Due to the high suspicion of HSA based on the CT scans, all owners were advised of the guarded long-term prognosis, but they all opted to pursue palliative surgery followed by chemotherapy. Although obtaining a cytologic sample or tissue biopsy would have been useful in the decision making process, it would not have changed the decision to perform surgery because of the high risk of ongoing hemorrhage in these cases. Based on these cases and the current literature on HSA, surgical exploration and resection of the bleeding mass is required.1–6,17 This case series has reported that it is possible for intrathoracic HSA cases to survive until discharge and that as with other locations of HSA surgical treatment is palliative. It is important to council the owners of the palliative nature of the surgery and that, as in case 1, surgical resection may not be possible.
Conclusion
Intrathoracic extra-cardiac HSA can be treated in a similar fashion to HSA in other locations with surgical hemostasis and resection of the tumor followed by adjuvant chemotherapy. We have reported three dogs that presented with acute onset dyspnea due to hemorrhagic pleural effusion from intrathoracic HSA. CT was used to demonstrate the mass but was not able to determine if the mass was surgically removable. Intrathoracic extra-cardiac HSA should be considered as a differential diagnosis for nontraumatic hemothorax and surgical treatment can be palliative.

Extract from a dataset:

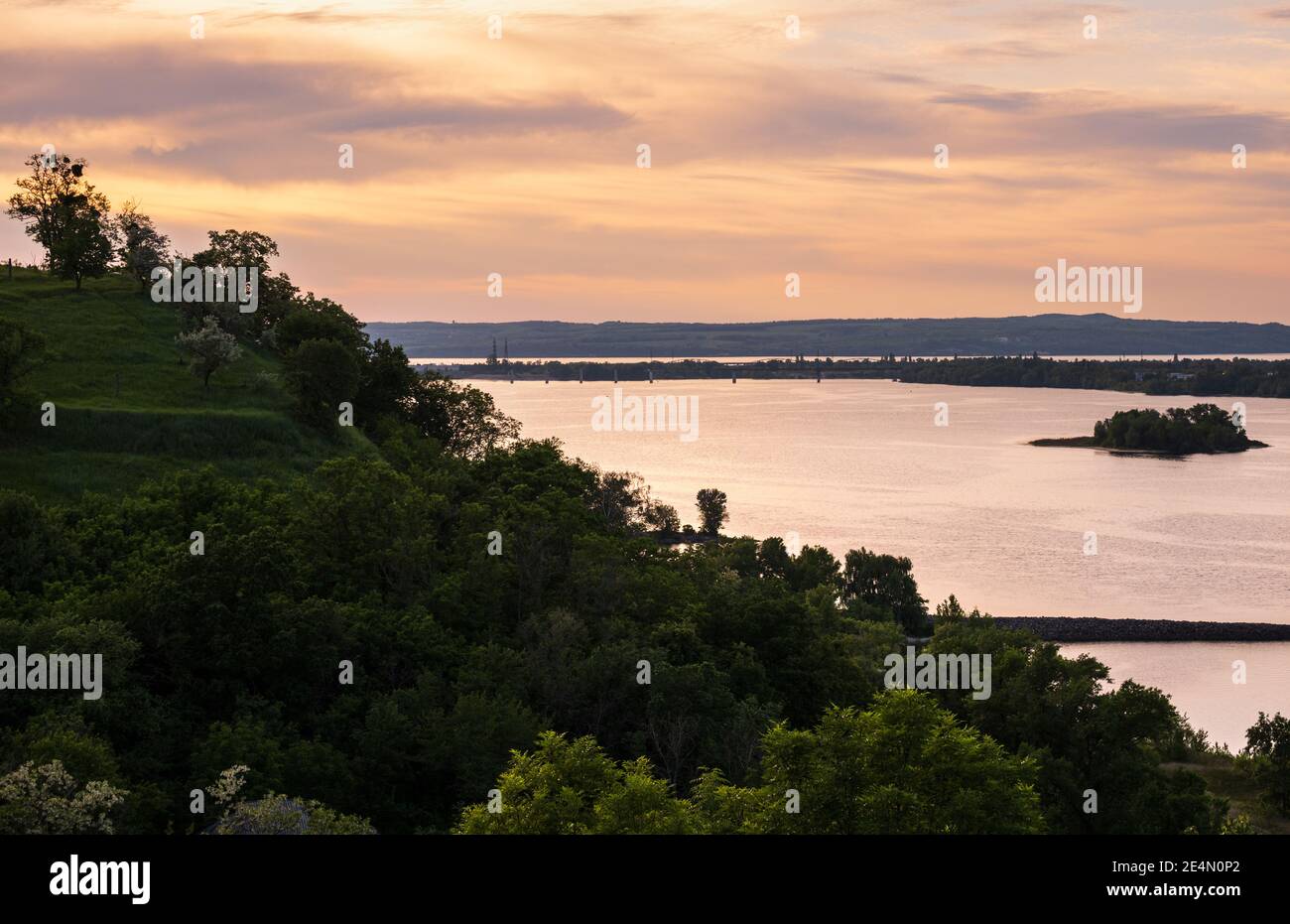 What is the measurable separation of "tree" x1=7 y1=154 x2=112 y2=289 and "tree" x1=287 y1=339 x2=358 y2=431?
894 inches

(A) Postcontrast CT sagittal reconstruction of the thorax of case 1. There was a dorsal mediastinal mass (arrow) displacing the aorta and esophagus ventrally and flattening the caudal vena cava with pooling of contrast in irregular dilated vascular structures in the centre of the mass. Pleural effusion was also present. (B) Postcontrast transverse CT images of the caudal thorax of case 2. There was a multilobulated, peripherally hyperattenuating structure displacing the heart to the left (arrow). There was a moderate volume of pleural effusion.

Early-phase postcontrast transverse plane CT image of the thorax of case 3. A broad-based poor-contrast enhancing, rounded mass is visible in the right ventral pleural space (*). The arrowheads outline the margin of the lesion, which is poorly differentiated from the adjacent pleural effusion. The heart is displaced to the left.